# '75 Harley FLH porch find



## mtfallsmikey (Dec 3, 2010)

A buddy of mine, Mr. Greenjeans, just scored this 75 FLH from a local....it has been sitting on this guy's front porch for 15 yrs, had not been run, was the only owner. He traded some work on the guy's tractor for it, but he has been after this bike for years. It has 15K original miles, and it was fired off for the first time this past Saturday. Little prep work had to be done, gas tank was fairly clean, new plugs installed, motor had been turned over, not locked up.




http://www.youtube.com/watch?v=BCJgE02cmJg


----------



## stihl sawing (Dec 3, 2010)

Sweet, He gets that thing cleaned up and it will be worth some cash. Always good to see old bikes brought back to life.


----------



## KD57 (Dec 3, 2010)

That is a real nice find, old iron for sure.


----------



## mtfallsmikey (Dec 3, 2010)

*Pics*

Sitting on the trailer when it was brought in to the shop...


----------



## motor (Dec 3, 2010)

I'd be pissed if I had to have that big inspection sticker on my bike!!

Here's my 76 FLH


----------



## Biker Dude (Dec 4, 2010)

That's going to be a sweeet ride once it's cleaned up! Gotta love those classic lines.


----------



## randalicious (Dec 4, 2010)

*Old Harleys on porches*

It even came with the batwing fairing? What a deal! I remember seeing an old one parked on a porch while cruising around cotton fields near Uvalde, TX about 20 yrs ago. Wonder if it's still there. Wonder if I could ever find the house again? Probably not.
.
I'd worry about all the knocking coming from the bike in the Youtube video above.


----------



## Biker Dude (Dec 5, 2010)

Shovelheads are noisy by nature, it's all good.


----------



## mustangwagz (Dec 5, 2010)

Beatiful ole ironhead. Some elbow grease and money and it'lll be a sweeeet ride. Gimme an ironhead anyday of the week. A little maintenance here and there, adjust your points and push-rods, and away they go. 15k on it ya say? i'm sure it'll need heads taken off and new guides installed. mine has 19k on it needs done. guess they say every 5k ya oughta have them done if ya dont want to worry about oil consumption, but hell..its cheaper, easier to pour a little more into them than it is to tear it all down. besides, ironhead just wouldnt be an ironhead without a little oil burning! lol It got any leaks yet? my primary is only thing that drips. and it only drips like once a month if i aint ridin it. If i ride it daily (like in the summer for example) it wont leak. 

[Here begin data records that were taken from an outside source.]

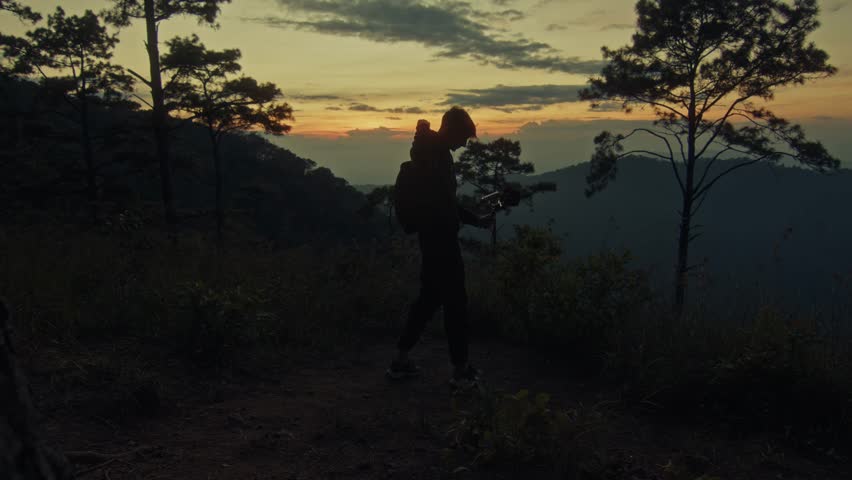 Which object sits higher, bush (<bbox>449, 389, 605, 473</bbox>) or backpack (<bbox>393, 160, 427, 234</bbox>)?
backpack (<bbox>393, 160, 427, 234</bbox>)

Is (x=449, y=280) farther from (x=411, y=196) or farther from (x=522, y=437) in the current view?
(x=522, y=437)

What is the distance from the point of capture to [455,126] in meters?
4.29

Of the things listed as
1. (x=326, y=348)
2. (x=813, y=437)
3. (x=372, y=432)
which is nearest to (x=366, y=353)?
(x=326, y=348)

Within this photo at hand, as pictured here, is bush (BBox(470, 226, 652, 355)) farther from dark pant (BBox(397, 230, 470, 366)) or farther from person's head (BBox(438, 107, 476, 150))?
person's head (BBox(438, 107, 476, 150))

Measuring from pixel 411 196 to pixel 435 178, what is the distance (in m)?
0.25

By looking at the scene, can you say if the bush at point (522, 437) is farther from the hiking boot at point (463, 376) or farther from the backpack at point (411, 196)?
the backpack at point (411, 196)

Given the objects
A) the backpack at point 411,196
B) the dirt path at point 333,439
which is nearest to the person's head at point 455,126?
the backpack at point 411,196

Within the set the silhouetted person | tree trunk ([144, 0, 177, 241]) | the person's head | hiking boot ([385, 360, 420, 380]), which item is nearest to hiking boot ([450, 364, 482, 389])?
the silhouetted person

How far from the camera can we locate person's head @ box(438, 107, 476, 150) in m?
4.29

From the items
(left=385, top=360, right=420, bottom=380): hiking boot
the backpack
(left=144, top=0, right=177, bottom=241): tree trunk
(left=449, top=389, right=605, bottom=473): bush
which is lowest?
(left=385, top=360, right=420, bottom=380): hiking boot

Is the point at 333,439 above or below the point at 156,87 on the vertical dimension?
below

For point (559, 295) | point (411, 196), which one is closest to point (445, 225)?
point (411, 196)

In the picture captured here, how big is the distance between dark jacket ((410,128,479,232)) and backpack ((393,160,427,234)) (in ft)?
0.12

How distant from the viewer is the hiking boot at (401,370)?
179 inches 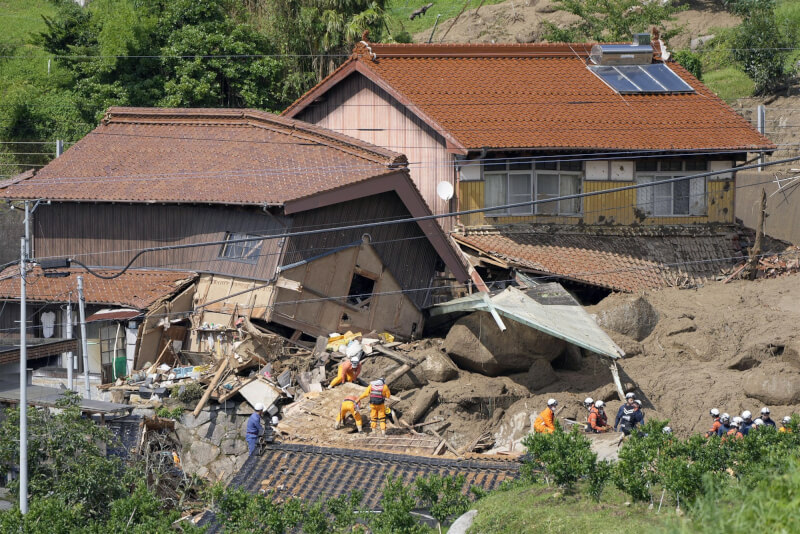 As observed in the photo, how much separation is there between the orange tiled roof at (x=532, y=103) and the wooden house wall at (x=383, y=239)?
2.84 m

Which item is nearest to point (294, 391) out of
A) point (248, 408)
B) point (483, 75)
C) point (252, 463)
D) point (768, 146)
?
point (248, 408)

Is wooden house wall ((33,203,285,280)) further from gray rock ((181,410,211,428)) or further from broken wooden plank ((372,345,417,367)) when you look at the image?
gray rock ((181,410,211,428))

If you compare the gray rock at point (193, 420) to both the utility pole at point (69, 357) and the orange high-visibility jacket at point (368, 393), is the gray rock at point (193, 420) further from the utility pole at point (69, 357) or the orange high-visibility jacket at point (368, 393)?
the orange high-visibility jacket at point (368, 393)

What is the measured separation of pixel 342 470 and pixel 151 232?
10.6m

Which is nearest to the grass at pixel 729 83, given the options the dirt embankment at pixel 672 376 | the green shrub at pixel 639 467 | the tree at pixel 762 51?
the tree at pixel 762 51

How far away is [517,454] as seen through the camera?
760 inches

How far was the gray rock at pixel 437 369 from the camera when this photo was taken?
75.9ft

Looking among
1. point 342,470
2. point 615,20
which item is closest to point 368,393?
point 342,470

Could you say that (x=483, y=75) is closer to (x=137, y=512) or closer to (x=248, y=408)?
(x=248, y=408)

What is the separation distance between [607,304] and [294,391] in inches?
337

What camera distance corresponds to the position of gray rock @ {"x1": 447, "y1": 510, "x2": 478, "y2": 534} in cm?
1412

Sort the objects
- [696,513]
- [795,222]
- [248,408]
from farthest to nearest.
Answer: [795,222]
[248,408]
[696,513]

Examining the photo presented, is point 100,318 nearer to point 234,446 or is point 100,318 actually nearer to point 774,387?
point 234,446

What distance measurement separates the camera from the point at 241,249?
24656 mm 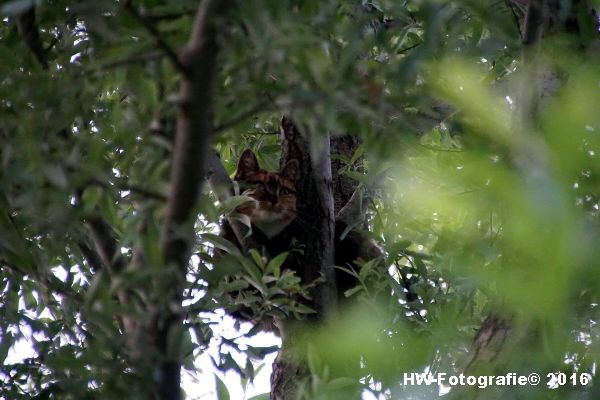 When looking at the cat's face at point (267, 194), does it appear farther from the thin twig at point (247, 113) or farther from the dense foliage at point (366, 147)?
the thin twig at point (247, 113)

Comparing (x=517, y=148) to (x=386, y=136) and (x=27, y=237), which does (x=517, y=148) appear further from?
(x=27, y=237)

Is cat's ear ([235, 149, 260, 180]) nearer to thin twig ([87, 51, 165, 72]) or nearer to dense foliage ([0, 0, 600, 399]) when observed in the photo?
dense foliage ([0, 0, 600, 399])

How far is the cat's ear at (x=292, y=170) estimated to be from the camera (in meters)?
2.73

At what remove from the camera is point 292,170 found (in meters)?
2.80

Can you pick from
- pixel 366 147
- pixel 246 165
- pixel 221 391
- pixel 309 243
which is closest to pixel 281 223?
pixel 246 165

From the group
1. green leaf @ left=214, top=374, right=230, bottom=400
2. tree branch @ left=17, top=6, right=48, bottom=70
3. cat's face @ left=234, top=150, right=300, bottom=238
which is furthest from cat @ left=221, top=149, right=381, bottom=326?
tree branch @ left=17, top=6, right=48, bottom=70

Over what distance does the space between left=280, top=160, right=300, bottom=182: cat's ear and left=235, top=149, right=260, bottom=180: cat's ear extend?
33 cm

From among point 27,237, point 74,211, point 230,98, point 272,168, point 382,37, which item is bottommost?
point 74,211

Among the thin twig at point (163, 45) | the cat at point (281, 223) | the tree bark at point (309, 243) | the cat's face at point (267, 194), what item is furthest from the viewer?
the cat's face at point (267, 194)

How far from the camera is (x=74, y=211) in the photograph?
1031 mm

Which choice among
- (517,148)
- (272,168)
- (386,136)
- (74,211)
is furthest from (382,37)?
(272,168)

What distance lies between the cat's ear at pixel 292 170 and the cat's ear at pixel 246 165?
330 millimetres

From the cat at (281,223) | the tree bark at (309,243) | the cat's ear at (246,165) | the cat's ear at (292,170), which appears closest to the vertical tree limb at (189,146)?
the tree bark at (309,243)

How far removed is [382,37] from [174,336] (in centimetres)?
89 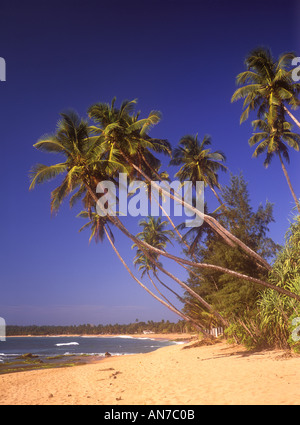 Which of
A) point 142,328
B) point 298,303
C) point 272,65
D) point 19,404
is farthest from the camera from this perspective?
point 142,328

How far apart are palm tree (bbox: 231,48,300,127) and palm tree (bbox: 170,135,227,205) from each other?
19.1ft

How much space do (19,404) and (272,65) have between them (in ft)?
59.0

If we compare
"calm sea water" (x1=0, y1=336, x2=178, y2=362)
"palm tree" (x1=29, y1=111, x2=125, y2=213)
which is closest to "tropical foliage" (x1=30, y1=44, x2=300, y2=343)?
"palm tree" (x1=29, y1=111, x2=125, y2=213)

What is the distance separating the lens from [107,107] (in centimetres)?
1738

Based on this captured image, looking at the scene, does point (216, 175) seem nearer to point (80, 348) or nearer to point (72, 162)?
point (72, 162)

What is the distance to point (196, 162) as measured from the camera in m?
22.5

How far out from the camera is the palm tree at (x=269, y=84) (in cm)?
1558

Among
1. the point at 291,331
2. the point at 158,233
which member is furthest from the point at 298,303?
the point at 158,233

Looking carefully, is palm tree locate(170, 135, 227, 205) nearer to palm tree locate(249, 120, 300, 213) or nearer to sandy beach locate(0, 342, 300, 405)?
palm tree locate(249, 120, 300, 213)

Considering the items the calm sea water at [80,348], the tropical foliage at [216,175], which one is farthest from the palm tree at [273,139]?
the calm sea water at [80,348]

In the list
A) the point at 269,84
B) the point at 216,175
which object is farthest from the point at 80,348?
the point at 269,84

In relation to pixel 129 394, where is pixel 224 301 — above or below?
above

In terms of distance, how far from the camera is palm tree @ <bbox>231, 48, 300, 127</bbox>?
15.6 metres

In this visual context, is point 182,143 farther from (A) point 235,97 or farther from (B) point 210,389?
(B) point 210,389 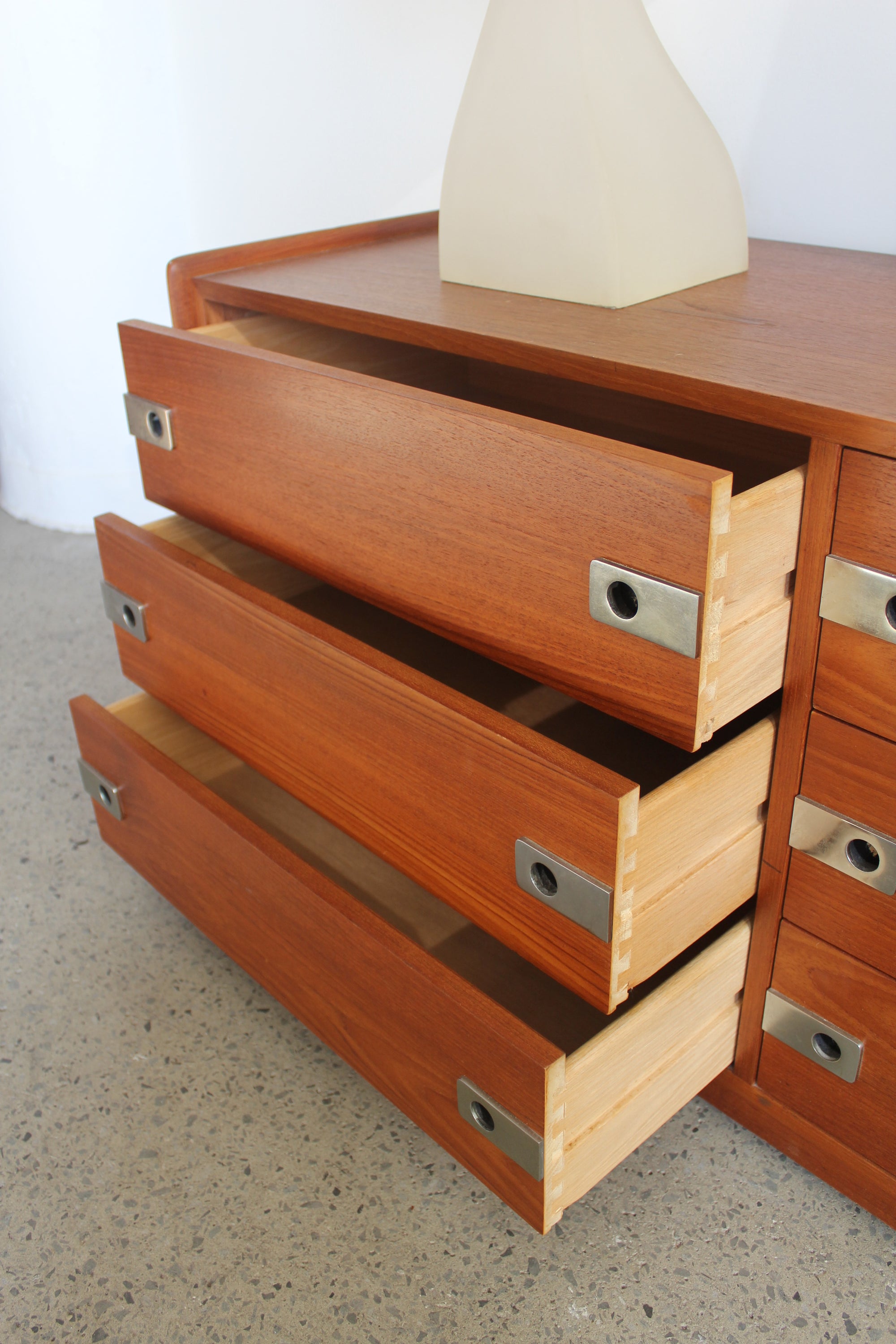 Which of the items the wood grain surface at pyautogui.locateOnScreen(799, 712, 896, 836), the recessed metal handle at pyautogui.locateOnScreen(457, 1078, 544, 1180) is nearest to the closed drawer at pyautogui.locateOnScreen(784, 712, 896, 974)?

Tell your buddy i said good job. Good to see more ppl going back to the ole bikes. Harly can stick the evo's! lol


----------



## mtfallsmikey (Dec 6, 2010)

mustangwagz said:


> Beatiful ole ironhead. Some elbow grease and money and it'lll be a sweeeet ride. Gimme an ironhead anyday of the week. A little maintenance here and there, adjust your points and push-rods, and away they go. 15k on it ya say? i'm sure it'll need heads taken off and new guides installed. mine has 19k on it needs done. guess they say every 5k ya oughta have them done if ya dont want to worry about oil consumption, but hell..its cheaper, easier to pour a little more into them than it is to tear it all down. besides, ironhead just wouldnt be an ironhead without a little oil burning! lol It got any leaks yet? my primary is only thing that drips. and it only drips like once a month if i aint ridin it. If i ride it daily (like in the summer for example) it wont leak.
> 
> Tell your buddy i said good job. Good to see more ppl going back to the ole bikes. Harly can stick the evo's! lol




Yeah, it has leaks...and the batwing fairing came on it, it is Harley, not aftermarket.

Mr. Greenjeans also has an ole Harley 2-stroke 3-wheel golf cart too, as well as a '42 WLA.


----------



## Toddppm (Dec 6, 2010)

Cool project, had a Harley electric cart I gave to my dad:biggrinbounce2: Once the batteries went, he didn't want to spend the dough on new ones, not sure what he did with it?


----------



## loadthestove (Dec 31, 2010)

Great find,wish i could fine something like that around here...


----------